Industrial Control Systems (ICS) – such as supervisory control and data acquisition (SCADA) systems – manage and monitor critical storage, refining and distribution operations at many energy pipeline companies. These systems collect data from points throughout the operation and communicate control commands to equipment located both locally and remotely.
These systems have typically run behind the scenes, but have more recently become front and center as information about real and potential cyberattacks have appeared in the media. Hostile governments, competitors, terrorist groups, disgruntled employees and other malicious intruders know these systems offer a trove of confidential and potentially very damaging data.

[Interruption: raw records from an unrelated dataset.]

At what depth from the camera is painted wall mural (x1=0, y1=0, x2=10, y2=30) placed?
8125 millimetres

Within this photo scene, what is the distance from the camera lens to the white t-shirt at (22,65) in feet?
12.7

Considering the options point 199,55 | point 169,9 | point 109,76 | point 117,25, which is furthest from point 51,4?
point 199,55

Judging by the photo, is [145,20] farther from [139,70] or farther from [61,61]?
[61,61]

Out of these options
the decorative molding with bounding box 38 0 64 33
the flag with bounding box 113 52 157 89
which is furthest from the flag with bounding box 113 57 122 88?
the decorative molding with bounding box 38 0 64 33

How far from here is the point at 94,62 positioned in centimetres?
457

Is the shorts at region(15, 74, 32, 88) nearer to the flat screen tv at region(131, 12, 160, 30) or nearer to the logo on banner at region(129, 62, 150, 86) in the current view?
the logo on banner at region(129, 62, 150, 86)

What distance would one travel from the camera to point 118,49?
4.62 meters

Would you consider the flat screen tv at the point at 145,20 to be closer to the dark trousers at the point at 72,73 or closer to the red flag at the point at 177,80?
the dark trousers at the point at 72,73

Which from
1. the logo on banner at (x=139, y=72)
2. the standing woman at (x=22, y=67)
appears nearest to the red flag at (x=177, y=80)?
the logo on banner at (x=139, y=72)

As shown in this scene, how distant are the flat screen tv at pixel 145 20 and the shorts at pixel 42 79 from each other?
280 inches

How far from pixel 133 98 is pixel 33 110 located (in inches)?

The types of critical infrastructure that industrial control systems manage include physical and IT assets, networks and services that, if disrupted or destroyed, could have a serious impact on the health, security and/or economic well being of both people in the immediate area and the country at large.
Due to the critical nature of ICSs and the facilities they control and manage, all levels of management at these facilities must put security of these systems at the top of their agendas.
Until recently, security concerns over ICSs were limited to physical attacks. Because these were closed systems, managers assumed that if operational consoles were isolated and only authorized personnel were allowed to gain access to the network, any security issues were covered. There was limited risk of malfeasance since few people had the technical expertise to operate the system and data communication paths were isolated.
Today’s situation is completely different. IT teams at energy companies have recognized that lower costs, easier accessibility and improved efficiency can be gained thorough connecting their IP-based operations network to their ICSs. Today’s systems are directly or indirectly connected to corporate networks and the Internet, which exponentially increases the security risks to which they are exposed far beyond physical attacks. Multiple factors have contributed to the increased exposure of industrial control systems, these include:
1) Technical information availability – public information about infrastructure and control systems is available to potential hackers and intruders. Potential hackers can easily find design and maintenance documents and technical standards for critical systems on the Internet, threatening overall security.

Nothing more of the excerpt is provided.